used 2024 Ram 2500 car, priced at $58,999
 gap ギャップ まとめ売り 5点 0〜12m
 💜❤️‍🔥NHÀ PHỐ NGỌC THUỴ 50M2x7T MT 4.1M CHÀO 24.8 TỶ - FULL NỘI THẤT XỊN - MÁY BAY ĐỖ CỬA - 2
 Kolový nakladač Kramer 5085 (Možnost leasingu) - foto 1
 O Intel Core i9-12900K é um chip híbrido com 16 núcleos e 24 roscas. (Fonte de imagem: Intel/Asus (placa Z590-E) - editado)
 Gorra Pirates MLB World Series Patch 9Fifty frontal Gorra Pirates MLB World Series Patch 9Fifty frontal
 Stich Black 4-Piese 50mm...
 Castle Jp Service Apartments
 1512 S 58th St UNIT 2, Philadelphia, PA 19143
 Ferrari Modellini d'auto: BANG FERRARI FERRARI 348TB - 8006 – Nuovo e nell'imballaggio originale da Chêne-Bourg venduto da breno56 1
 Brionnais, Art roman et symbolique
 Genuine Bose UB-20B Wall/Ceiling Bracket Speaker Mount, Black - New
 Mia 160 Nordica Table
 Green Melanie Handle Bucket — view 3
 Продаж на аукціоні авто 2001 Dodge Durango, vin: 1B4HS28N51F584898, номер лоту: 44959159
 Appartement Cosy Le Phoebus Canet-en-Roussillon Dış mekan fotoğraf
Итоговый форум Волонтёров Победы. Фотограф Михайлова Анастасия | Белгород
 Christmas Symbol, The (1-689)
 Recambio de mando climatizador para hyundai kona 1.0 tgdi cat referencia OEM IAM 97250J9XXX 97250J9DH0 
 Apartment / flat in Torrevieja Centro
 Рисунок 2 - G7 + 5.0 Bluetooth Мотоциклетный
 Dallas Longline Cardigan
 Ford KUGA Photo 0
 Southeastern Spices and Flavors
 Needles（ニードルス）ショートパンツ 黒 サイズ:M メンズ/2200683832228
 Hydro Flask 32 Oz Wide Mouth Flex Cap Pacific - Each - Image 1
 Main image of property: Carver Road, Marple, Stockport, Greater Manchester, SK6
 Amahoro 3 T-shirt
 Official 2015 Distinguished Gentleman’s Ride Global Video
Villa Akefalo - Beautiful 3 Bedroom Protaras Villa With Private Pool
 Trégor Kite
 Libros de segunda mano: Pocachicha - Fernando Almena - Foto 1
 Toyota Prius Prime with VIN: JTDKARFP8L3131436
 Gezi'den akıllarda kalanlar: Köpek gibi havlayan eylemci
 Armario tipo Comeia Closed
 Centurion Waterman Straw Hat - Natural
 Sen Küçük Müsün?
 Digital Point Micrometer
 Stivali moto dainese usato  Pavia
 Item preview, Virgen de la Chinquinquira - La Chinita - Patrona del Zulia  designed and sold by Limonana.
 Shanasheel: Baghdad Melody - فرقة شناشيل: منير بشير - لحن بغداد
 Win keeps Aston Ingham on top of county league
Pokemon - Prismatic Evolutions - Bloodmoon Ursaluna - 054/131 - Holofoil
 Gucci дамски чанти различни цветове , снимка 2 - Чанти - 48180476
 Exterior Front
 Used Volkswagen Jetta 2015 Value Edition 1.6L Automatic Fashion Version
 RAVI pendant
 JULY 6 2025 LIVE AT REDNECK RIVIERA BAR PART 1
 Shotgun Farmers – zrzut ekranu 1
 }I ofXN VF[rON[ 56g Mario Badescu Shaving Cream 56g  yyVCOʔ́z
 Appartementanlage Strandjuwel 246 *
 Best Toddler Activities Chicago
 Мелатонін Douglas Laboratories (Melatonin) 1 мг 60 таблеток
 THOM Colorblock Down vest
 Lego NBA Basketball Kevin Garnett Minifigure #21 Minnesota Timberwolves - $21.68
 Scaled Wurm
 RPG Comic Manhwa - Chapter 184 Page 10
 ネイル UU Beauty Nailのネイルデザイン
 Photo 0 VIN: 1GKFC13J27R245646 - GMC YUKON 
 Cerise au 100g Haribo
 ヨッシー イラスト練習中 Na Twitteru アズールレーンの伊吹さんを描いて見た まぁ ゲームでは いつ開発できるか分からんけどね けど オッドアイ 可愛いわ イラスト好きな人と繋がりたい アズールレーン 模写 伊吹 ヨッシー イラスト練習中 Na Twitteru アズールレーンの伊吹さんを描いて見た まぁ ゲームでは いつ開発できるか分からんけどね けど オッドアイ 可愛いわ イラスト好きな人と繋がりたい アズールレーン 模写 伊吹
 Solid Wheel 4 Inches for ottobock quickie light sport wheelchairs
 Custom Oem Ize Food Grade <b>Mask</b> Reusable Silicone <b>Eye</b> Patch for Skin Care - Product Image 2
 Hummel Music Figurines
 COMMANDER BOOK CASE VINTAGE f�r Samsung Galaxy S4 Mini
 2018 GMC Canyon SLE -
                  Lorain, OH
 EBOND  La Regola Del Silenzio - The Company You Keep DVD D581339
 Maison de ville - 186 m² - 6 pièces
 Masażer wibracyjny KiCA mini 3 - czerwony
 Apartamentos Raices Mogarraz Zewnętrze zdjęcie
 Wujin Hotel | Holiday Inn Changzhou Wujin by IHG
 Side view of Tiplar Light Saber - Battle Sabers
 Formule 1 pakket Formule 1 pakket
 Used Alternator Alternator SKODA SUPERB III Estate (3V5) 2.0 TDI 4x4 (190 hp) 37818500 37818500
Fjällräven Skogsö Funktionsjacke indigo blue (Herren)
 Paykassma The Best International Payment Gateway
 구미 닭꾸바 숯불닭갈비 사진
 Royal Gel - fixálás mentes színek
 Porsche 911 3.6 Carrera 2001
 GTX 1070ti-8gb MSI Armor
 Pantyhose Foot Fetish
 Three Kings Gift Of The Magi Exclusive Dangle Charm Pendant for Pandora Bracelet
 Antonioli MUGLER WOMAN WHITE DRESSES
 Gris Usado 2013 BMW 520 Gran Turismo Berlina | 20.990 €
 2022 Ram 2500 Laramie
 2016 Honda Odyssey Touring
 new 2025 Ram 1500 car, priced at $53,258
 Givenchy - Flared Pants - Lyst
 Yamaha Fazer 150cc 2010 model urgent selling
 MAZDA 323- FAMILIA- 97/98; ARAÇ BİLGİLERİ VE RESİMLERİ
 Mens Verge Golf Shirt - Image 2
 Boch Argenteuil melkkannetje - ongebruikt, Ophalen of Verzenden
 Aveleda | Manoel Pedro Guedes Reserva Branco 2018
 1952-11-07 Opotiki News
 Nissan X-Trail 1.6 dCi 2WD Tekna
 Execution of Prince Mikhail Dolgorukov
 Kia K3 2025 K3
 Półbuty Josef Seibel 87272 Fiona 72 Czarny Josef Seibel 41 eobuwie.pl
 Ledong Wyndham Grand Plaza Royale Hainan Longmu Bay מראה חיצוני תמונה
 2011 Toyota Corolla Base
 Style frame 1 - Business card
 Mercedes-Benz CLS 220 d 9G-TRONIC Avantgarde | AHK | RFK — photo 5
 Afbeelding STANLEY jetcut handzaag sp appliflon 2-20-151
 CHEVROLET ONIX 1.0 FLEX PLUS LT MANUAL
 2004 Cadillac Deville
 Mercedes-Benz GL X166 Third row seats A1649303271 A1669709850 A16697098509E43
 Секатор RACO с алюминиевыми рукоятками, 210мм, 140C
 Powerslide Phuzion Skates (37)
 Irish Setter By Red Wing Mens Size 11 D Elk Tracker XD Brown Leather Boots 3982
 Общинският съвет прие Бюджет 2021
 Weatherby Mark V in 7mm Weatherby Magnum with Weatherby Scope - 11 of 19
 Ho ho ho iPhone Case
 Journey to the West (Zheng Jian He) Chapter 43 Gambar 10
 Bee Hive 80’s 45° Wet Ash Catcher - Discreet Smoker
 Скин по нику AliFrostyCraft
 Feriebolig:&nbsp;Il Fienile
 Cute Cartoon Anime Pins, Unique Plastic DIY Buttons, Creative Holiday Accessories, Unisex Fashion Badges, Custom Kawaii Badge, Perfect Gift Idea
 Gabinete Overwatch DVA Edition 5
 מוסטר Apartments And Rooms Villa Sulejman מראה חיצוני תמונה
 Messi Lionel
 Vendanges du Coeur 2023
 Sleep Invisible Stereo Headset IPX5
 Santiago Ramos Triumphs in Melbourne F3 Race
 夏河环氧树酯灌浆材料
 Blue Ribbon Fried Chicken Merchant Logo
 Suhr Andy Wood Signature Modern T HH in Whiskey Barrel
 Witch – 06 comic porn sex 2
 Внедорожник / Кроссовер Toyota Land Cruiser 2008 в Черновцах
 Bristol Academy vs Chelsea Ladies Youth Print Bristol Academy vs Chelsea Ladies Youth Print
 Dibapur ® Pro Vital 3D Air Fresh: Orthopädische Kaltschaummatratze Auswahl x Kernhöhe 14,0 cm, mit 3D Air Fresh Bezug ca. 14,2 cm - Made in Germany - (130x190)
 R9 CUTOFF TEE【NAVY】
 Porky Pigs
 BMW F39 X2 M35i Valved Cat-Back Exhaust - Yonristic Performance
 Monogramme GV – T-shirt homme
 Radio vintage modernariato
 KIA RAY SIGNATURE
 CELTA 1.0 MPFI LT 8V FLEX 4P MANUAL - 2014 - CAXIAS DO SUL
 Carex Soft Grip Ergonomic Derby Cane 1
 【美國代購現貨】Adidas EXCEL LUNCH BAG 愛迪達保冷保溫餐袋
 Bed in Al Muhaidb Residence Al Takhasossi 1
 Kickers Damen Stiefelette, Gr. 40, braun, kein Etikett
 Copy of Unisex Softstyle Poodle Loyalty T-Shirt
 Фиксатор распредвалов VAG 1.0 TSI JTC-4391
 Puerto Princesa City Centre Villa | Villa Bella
=-=-=-=-=
→ Task brief
From the entries above, extract only the lines running from the one containing "Digital Point Micrometer" through the one containing "Best Toddler Activities Chicago", inclusive.

→ Response below
 Digital Point Micrometer
 Stivali moto dainese usato  Pavia
 Item preview, Virgen de la Chinquinquira - La Chinita - Patrona del Zulia  designed and sold by Limonana.
 Shanasheel: Baghdad Melody - فرقة شناشيل: منير بشير - لحن بغداد
 Win keeps Aston Ingham on top of county league
Pokemon - Prismatic Evolutions - Bloodmoon Ursaluna - 054/131 - Holofoil
 Gucci дамски чанти различни цветове , снимка 2 - Чанти - 48180476
 Exterior Front
 Used Volkswagen Jetta 2015 Value Edition 1.6L Automatic Fashion Version
 RAVI pendant
 JULY 6 2025 LIVE AT REDNECK RIVIERA BAR PART 1
 Shotgun Farmers – zrzut ekranu 1
 }I ofXN VF[rON[ 56g Mario Badescu Shaving Cream 56g  yyVCOʔ́z
 Appartementanlage Strandjuwel 246 *
 Best Toddler Activities Chicago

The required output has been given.